Histograms are updated using the function update_hist_array(), provided by reporting.c. Typically we want to glean stats from the histograms, and these are also provided by reporting.c: X_hist_array(), where X is min|max|mean|median|var|std. Of course, stats can be generated any which way, but they are reported using a function from reporting.c. Namely make_key_value_node(). Return the output of this function in get_topo_key_value_yourtopo().

Adding a new traffic pattern

Traffic patterns are declared/defined in traffic.h/traffic.c with an "init" function and a "next" function. The init function interprets parameters, precomputes values like the total number of flows that will be generated, and makes other preparations such as memory allocation. Each flow is generated based on the previous flow that was generated.

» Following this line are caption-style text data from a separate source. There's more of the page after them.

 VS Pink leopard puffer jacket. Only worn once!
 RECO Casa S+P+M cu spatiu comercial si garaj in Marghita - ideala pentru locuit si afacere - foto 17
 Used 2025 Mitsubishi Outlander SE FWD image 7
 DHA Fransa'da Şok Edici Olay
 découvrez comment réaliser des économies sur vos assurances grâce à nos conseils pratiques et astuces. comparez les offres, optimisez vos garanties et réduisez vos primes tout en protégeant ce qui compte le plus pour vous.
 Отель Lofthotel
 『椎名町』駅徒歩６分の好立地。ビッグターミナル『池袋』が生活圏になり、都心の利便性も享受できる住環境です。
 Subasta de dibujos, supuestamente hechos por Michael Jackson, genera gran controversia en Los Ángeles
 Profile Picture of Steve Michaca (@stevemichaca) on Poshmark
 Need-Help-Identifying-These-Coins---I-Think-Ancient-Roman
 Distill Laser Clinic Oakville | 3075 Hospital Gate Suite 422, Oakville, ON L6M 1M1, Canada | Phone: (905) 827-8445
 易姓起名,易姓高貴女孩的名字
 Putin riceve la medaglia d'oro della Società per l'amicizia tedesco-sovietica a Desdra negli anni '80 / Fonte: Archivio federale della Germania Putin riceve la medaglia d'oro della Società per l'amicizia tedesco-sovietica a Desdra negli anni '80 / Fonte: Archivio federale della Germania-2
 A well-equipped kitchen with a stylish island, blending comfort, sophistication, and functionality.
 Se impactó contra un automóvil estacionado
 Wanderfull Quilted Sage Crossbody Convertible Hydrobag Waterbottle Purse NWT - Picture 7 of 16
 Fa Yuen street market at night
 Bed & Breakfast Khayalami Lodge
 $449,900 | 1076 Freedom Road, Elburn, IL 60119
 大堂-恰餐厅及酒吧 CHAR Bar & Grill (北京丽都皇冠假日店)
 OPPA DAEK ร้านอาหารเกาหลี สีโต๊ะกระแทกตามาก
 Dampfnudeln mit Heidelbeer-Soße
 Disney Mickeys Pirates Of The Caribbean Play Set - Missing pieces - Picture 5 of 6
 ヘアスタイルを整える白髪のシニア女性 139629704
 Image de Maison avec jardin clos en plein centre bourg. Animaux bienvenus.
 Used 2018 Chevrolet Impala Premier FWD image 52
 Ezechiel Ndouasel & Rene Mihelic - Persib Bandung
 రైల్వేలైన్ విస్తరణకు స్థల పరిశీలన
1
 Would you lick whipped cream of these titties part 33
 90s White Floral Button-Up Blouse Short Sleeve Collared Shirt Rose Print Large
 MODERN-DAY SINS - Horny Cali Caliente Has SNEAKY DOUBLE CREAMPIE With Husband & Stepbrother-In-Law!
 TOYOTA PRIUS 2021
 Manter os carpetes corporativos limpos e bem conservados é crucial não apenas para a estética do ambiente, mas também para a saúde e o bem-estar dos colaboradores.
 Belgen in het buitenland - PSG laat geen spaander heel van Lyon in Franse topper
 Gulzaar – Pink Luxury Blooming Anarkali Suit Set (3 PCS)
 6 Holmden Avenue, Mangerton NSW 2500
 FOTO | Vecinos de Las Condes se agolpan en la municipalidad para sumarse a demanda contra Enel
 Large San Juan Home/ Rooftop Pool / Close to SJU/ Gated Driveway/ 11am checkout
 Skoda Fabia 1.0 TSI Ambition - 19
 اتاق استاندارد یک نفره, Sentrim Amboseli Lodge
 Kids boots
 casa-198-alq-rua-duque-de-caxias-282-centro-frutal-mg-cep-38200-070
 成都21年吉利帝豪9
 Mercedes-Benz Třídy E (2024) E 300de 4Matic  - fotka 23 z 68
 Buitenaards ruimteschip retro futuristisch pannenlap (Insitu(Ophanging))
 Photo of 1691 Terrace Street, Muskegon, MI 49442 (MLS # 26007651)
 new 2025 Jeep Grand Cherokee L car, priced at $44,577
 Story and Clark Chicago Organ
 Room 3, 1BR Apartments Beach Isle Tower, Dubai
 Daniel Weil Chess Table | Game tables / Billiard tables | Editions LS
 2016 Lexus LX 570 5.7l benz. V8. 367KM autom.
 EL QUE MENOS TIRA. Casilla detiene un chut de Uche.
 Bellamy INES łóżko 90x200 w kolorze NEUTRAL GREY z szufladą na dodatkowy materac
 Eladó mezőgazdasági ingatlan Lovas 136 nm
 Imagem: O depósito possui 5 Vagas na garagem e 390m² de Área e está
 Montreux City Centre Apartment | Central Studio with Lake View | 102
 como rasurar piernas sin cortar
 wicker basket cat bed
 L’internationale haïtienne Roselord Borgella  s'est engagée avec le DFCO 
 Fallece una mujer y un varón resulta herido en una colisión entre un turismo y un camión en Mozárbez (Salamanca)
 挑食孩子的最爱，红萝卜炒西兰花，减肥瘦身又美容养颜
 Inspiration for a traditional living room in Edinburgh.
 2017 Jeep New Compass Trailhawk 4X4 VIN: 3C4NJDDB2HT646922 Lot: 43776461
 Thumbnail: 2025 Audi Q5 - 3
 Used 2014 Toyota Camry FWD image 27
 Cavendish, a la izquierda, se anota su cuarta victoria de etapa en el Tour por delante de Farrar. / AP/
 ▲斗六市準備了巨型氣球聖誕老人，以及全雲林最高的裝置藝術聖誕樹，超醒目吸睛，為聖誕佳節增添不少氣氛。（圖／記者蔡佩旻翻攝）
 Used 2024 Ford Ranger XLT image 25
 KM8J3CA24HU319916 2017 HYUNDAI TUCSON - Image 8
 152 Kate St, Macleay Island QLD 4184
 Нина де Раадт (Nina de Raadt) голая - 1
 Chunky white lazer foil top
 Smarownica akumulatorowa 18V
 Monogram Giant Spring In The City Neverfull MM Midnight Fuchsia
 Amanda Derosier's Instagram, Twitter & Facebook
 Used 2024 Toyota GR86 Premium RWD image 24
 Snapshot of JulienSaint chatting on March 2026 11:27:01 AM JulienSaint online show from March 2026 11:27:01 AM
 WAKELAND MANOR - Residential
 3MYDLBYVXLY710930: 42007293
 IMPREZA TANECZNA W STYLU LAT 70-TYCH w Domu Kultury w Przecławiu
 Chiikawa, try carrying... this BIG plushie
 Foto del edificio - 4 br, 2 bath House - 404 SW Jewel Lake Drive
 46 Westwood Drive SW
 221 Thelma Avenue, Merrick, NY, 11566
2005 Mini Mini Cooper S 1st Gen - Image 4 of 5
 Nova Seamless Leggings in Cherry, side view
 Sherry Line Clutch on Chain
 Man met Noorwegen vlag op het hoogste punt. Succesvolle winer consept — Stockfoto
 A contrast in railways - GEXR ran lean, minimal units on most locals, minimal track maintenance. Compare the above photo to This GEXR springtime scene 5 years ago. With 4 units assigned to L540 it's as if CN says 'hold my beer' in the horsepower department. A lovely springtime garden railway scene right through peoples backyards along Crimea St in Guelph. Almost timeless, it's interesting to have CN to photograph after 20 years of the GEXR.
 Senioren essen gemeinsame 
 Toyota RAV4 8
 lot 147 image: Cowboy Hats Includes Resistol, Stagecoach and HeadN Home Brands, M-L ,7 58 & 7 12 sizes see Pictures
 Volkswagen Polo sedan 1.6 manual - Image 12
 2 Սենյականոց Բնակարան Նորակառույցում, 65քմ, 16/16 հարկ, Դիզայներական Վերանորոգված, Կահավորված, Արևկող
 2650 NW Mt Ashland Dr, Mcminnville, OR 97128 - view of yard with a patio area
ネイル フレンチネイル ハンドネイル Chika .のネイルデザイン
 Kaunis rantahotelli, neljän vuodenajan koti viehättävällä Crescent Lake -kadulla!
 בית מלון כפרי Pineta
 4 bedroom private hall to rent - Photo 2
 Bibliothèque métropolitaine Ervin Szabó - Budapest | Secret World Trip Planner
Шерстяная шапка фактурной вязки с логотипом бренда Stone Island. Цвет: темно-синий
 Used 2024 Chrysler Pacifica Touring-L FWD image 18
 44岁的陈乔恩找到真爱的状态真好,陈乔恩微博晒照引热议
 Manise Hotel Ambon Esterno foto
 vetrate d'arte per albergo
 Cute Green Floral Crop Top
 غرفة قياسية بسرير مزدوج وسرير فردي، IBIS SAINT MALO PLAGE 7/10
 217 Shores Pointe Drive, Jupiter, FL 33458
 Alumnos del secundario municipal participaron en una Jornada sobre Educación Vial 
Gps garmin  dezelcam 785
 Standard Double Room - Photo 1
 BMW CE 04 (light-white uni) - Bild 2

Note that INRFlow provides the freedom to generate flows any which way, such as pre-populating an array of flows with an arbitrary combinatorial generation algorithm. Assuming that some care is taken to avoid a time-consuming algorithm, the developer should note that the memory requirements for storing all flows might be the bottleneck. INRFlow does not currently do this in the static engine, where the number of flows might potentially be very large.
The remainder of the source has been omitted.